(152o) Separation of Similar-Sized Gas Molecules (CO, C2H4) Using Carbon Molecular Sieve (CMS) Membranes

In this poster, I will describe my ongoing efforts to design membranes for the downstream separation of C₂H₄ from a mixture of CO, CO₂ following the electrochemical conversion of CO₂ to C₂H₄. To produce high purity C₂H₄, unconverted CO₂ and residual CO must be removed from the product stream. CO (d = 3.76 Å) and C₂H₄ (d = 3.75 Å) are particularly difficult to separate based on their relative diffusion coefficients; therefore, we hypothesize that a sorption-based separation mechanism could be leveraged to achieve this separation. This project intends to make metal-embedded carbon molecular sieve membranes to separate CO and C₂H₄ . CMS membranes, which are pyrolyzed end-products of rigid polymers, have demonstrated precise separations for several similar-sized gas-pairs.

The addition of metal functionalities, especially Cu⁺/Cu²⁺ is hypothesized to enhance the sorption-based selectivity of these membranes, as has been demonstrated in Cu-based metal organic frameworks in prior research.
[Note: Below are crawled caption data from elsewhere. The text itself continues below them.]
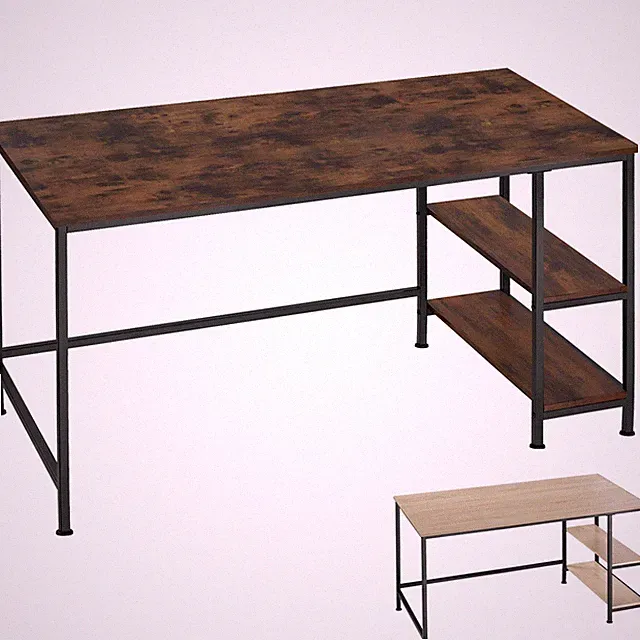 Computer-Schreibtisch Bürotisch Arbeitstisch Industrial Style 120 x 60 x 75,5 cm
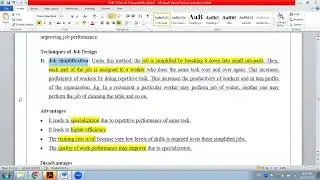 7 - Job Design - Concept and Techniques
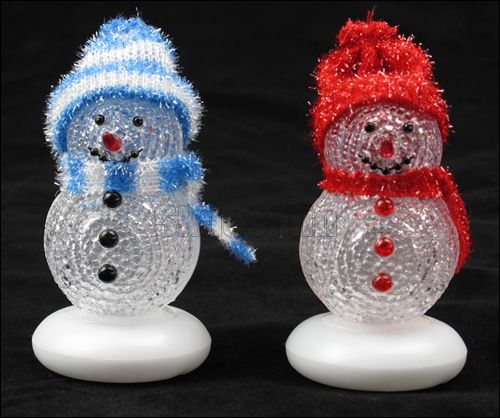 Snowman Colour Changing Xmas Crystal LED Light S1149  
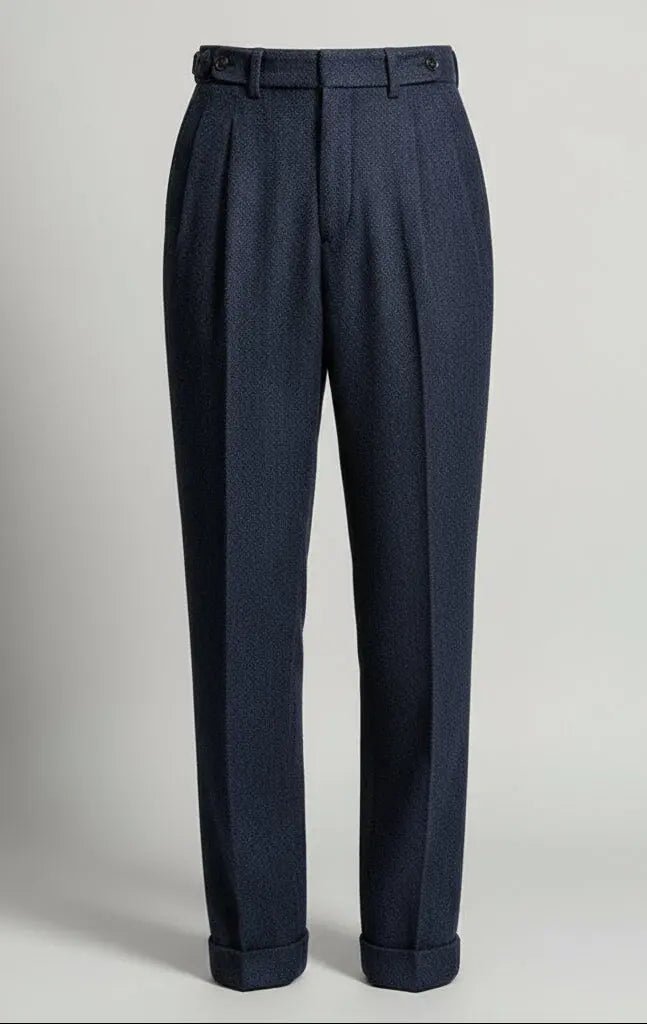 Casual Wool Trousers - wysspanther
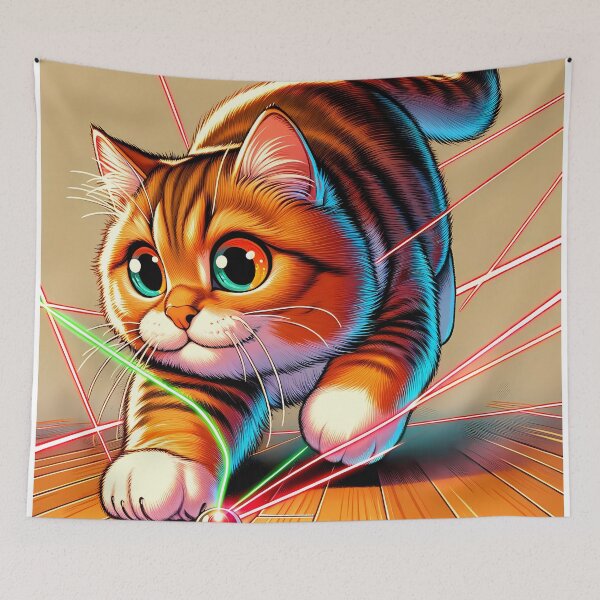 Item preview, Laser Chase Feline Fun designed and sold by Felix Tanner.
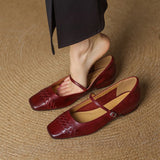 Verity | Chaussure plate Mary Jane à bout carré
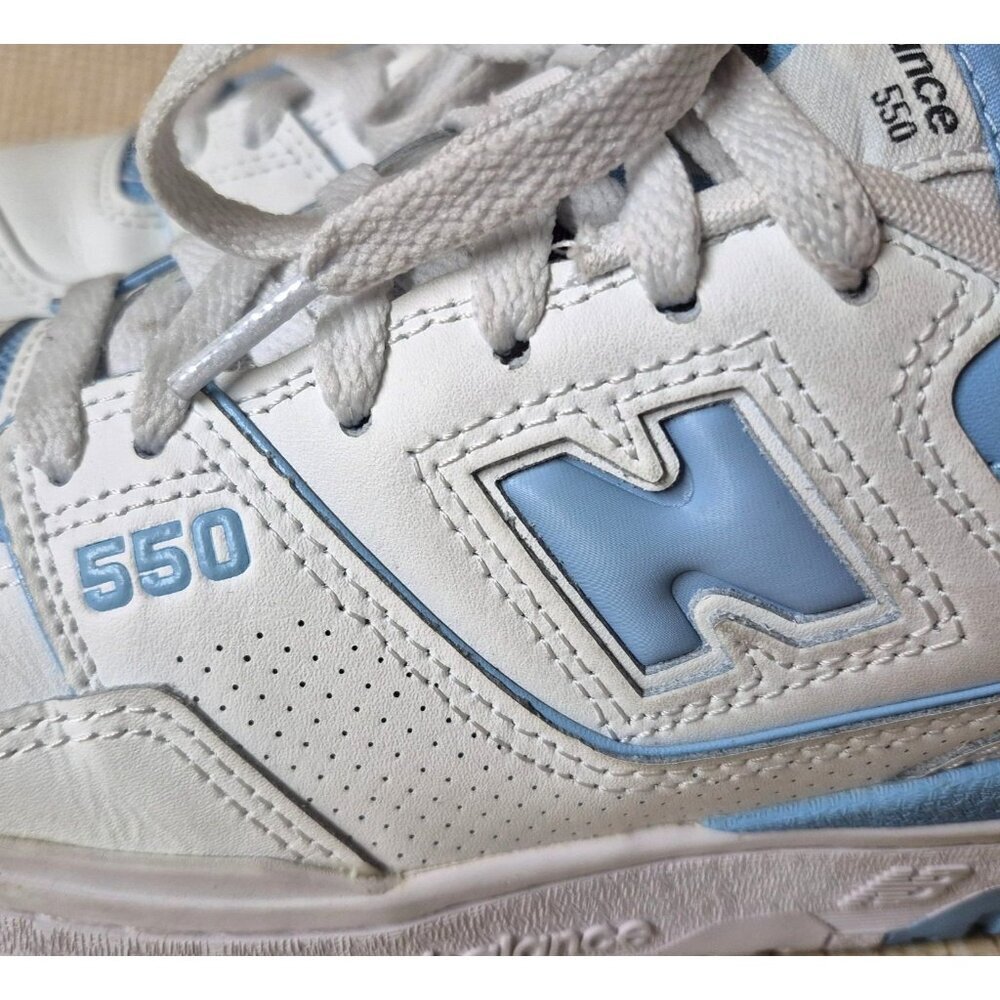 NEW New Balance 550 White University Blue Men's 6 Tennis Shoes Sneakers CLEAN - Picture 5 of 12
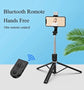 1.7M Bluetooth Wireless Selfie Tripod With Fill Light Shutter Remote Control Portable Foldable Monopod For iPhone Smart Phone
I will also describe some novel techniques that we are developing to characterize metal-incorporated membranes.

Furthermore , I will highlight an alternate entropic diffusion selectivity mechanism to separate these similar-sized, yet differently-shaped molecules. Enthalpic diffusion selectivity would have lower separation but by looking at entropic diffusion selectivity, CMS membranes could be tightened or loosened to adjust to the degrees of freedom of the gas molecules. For this purpose, pyrolysis conditions will be tuned to achieve the perfect balance between restricting C₂H₄ degrees of freedom, while still retaining most of the degree of freedom for CO.